RECORDS SUPPLIED ▸
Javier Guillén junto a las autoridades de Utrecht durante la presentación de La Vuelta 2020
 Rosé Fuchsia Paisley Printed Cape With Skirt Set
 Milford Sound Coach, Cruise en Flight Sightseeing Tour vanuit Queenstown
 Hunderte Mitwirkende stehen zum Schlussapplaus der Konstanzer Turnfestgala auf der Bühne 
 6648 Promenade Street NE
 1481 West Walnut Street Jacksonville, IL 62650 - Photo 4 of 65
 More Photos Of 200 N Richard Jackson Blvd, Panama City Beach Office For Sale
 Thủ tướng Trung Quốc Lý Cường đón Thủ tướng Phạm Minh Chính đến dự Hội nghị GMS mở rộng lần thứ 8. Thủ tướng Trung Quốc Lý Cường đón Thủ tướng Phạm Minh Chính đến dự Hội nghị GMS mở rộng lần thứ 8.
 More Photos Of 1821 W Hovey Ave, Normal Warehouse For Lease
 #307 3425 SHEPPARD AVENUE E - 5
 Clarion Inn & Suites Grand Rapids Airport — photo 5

ASSIGNMENT ▸
What lines in the listing above contain the word "More"? Show each one.

WORKED SOLUTION ▸
 More Photos Of 200 N Richard Jackson Blvd, Panama City Beach Office For Sale
 More Photos Of 1821 W Hovey Ave, Normal Warehouse For Lease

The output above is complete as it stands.